Supplied records -

::::

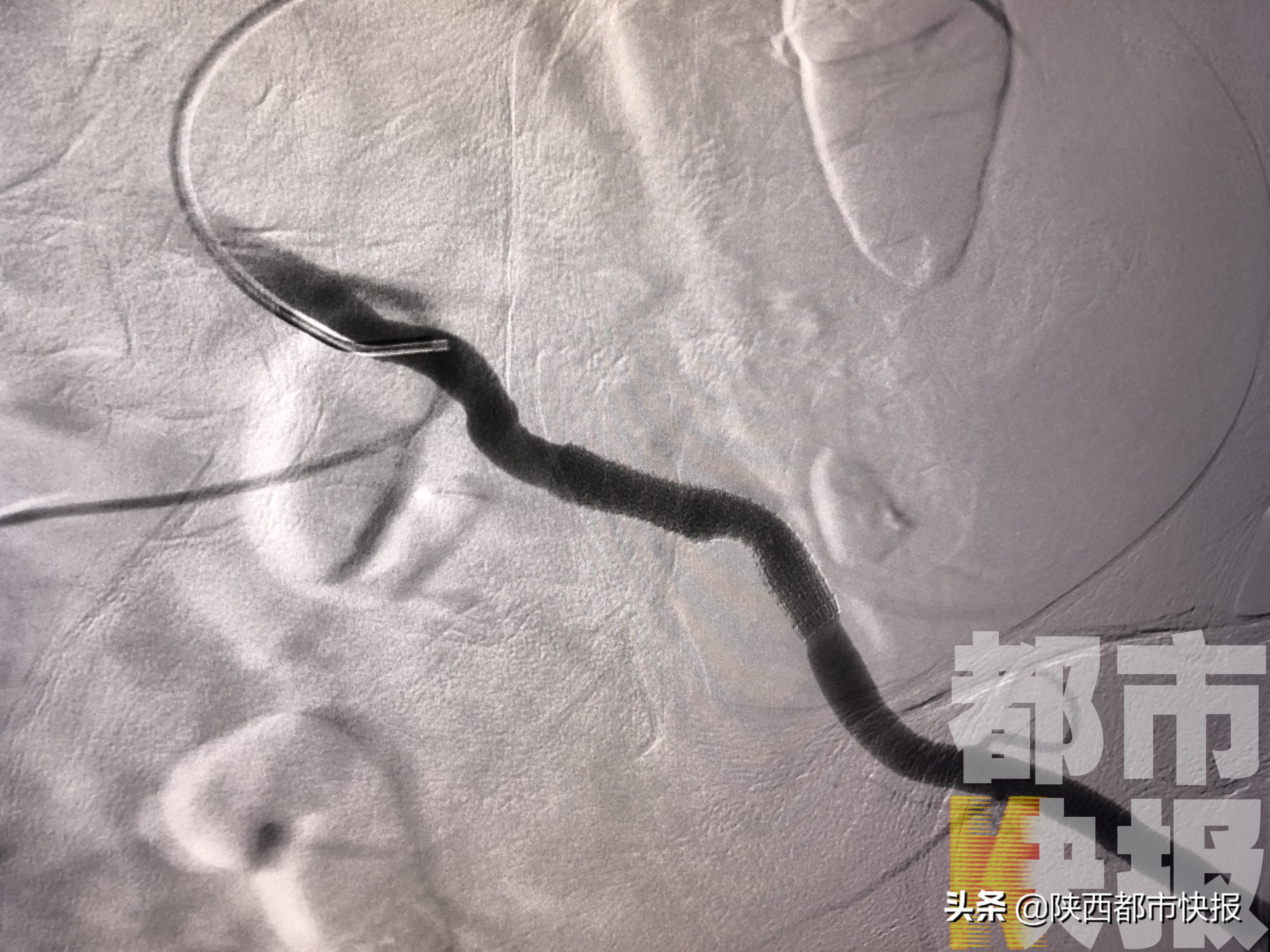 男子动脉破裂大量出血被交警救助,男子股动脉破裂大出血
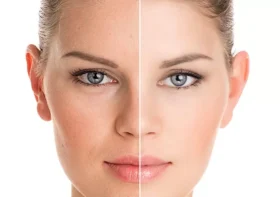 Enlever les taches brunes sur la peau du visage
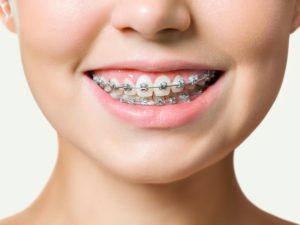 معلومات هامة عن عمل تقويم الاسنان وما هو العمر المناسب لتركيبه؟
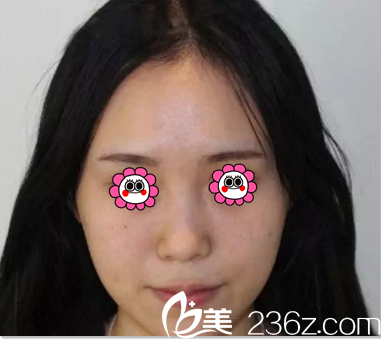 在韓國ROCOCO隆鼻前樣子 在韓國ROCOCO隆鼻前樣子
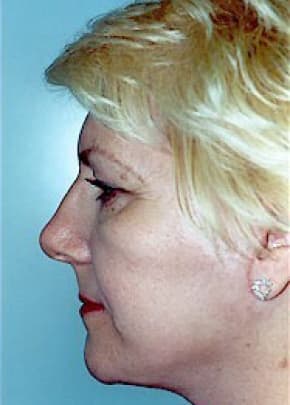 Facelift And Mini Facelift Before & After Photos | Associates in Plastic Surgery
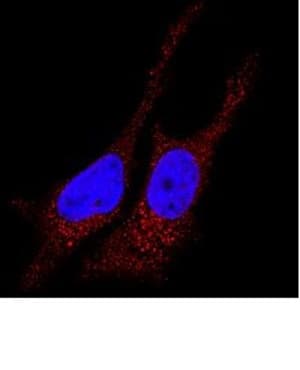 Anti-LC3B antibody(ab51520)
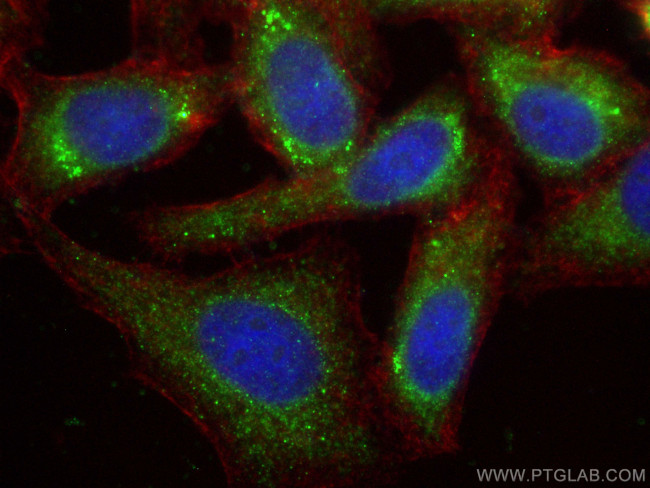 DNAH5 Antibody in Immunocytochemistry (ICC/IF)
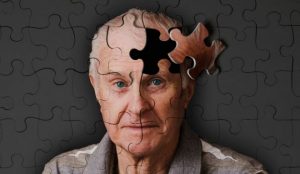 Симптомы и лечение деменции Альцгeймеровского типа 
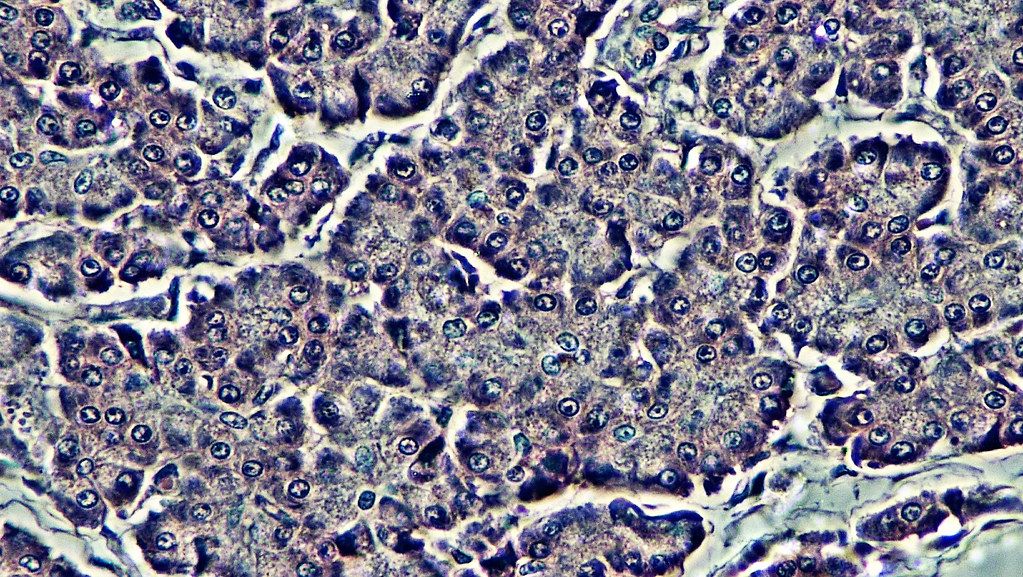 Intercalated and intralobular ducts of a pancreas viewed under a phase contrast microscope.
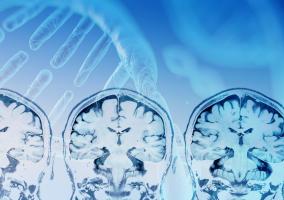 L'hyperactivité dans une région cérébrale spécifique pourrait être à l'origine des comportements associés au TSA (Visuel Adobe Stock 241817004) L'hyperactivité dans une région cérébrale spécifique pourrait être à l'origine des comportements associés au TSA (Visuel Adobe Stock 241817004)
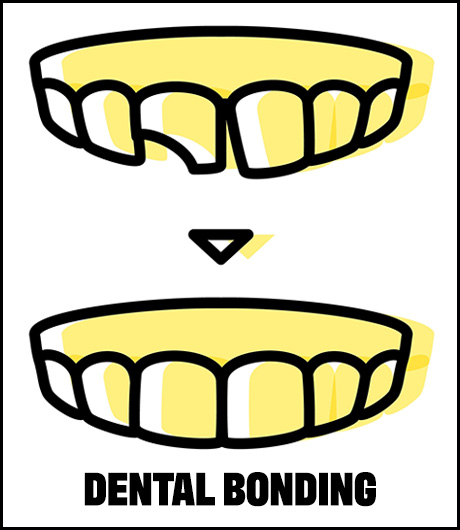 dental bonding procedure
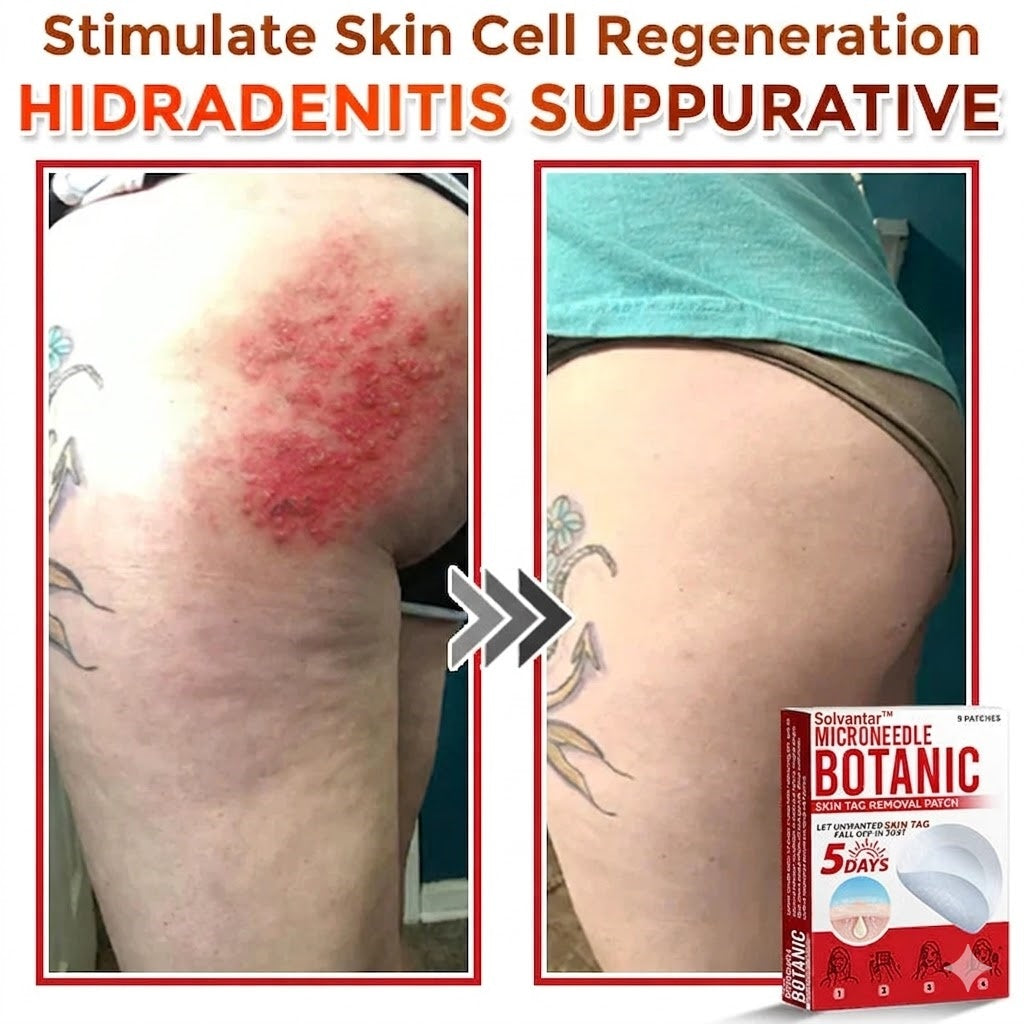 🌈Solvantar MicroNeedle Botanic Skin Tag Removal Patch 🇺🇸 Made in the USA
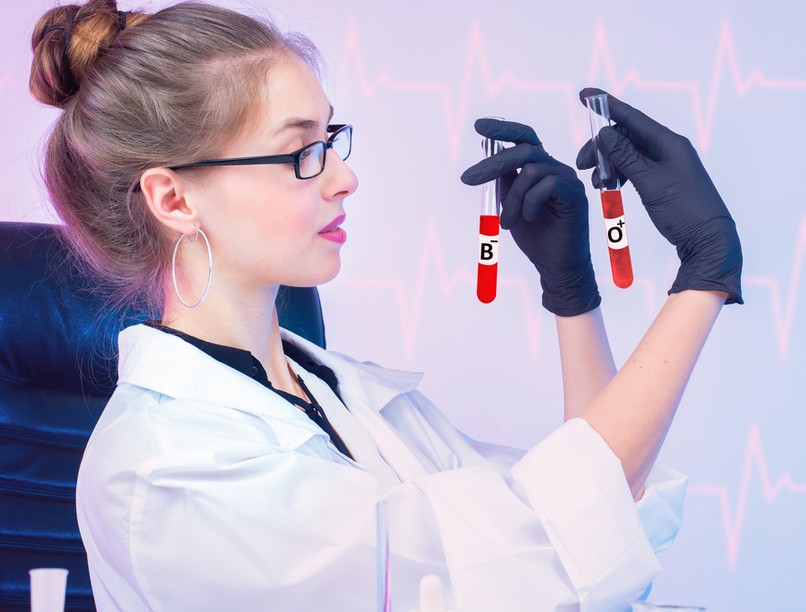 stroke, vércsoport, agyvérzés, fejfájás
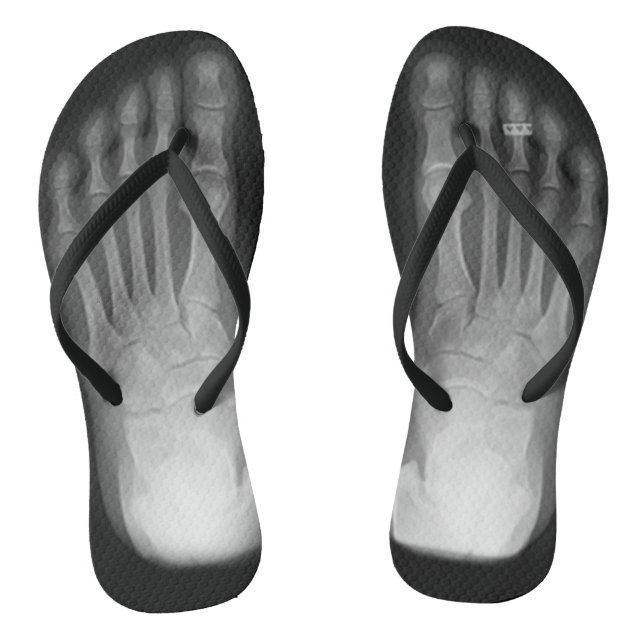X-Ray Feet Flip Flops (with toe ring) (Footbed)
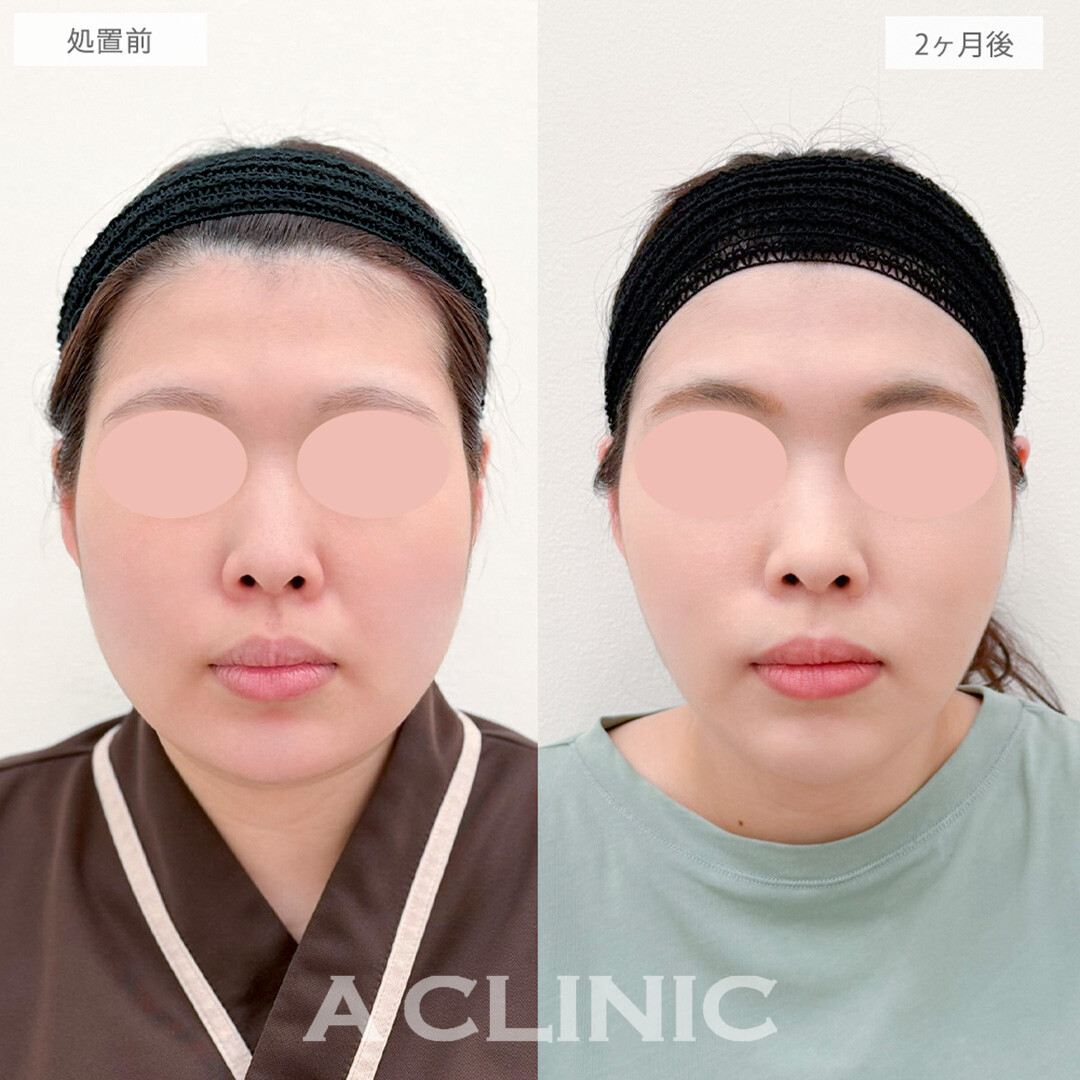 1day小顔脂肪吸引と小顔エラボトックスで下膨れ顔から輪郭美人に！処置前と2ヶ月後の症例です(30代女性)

::::

Take the lines from the start of the entries through the line containing "Симптомы и лечение" and set them down exactly, leaving out every picture.

Exercise result -
 男子动脉破裂大量出血被交警救助,男子股动脉破裂大出血
 Enlever les taches brunes sur la peau du visage
 معلومات هامة عن عمل تقويم الاسنان وما هو العمر المناسب لتركيبه؟
 在韓國ROCOCO隆鼻前樣子 在韓國ROCOCO隆鼻前樣子
 Facelift And Mini Facelift Before & After Photos | Associates in Plastic Surgery
 Anti-LC3B antibody(ab51520)
 DNAH5 Antibody in Immunocytochemistry (ICC/IF)
 Симптомы и лечение деменции Альцгeймеровского типа 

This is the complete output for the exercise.